Leadership (Abuja)
Jerry Uwah
13 January 2009
Benjamin Adekunle has a penchant for excesses. However, the controversial brigadier-general has a way of getting things done with brutal efficiency. As commander of the notorious Third Marine Commando during the civil war, Adekunle gave the rebels some sleepless nights until he was ordered out of the frontline, apparently for battlefield excesses.
A few years later, he was called in to clear an unprecedented port congestion caused largely by the infamous cement armada. The combatant general used controversial and unorthodox means to decongest the port on record time.

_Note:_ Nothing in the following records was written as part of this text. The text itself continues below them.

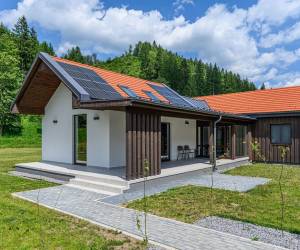 Villa jakuzzival – privát wellnessélmény az erdő szélén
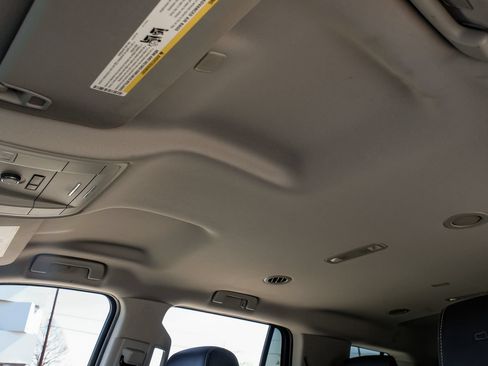 Used 2018 GMC Yukon Denali RWD image 34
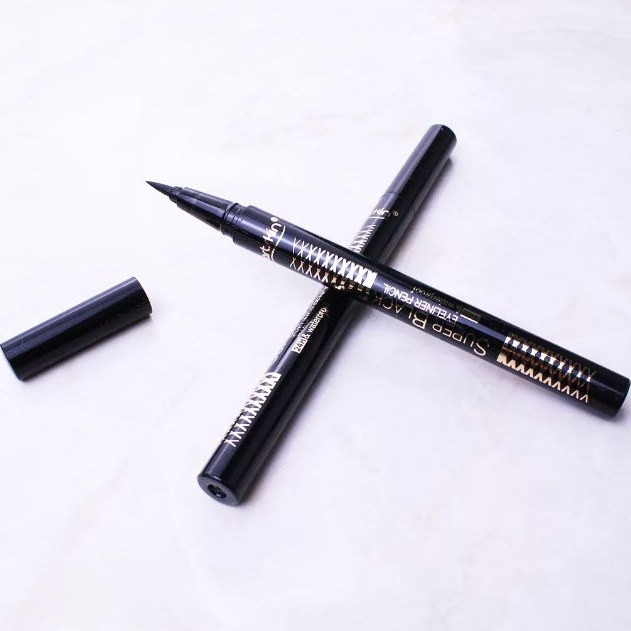 خط چشم ماژیکی ضد آب آرت اسکین مدل SUPER BLACK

Some reports have it that as the cement armada kept ships waiting for months on end to berth, Adekunle responded to the maritime gridlock by ordering that ships with consignment of hardened cement be compelled to empty their cargo into the sea and head back home. His argument was that hardened cement was not useful to anyone and so had no business congesting the port. They were therefore disposed of. That, in addition to other hard decisions, played the trick. No one cared to know that the cement expired as a result of the long wait at the port.
President Umaru Musa Yar'Adua needs someone with the brutal efficiency of Adekunle to decongest the ports and get the economy moving again. The port congestion now menacing and embarrassing Nigeria is something of a paradox. Nigeria is entering an advanced stage of de-industrialisation.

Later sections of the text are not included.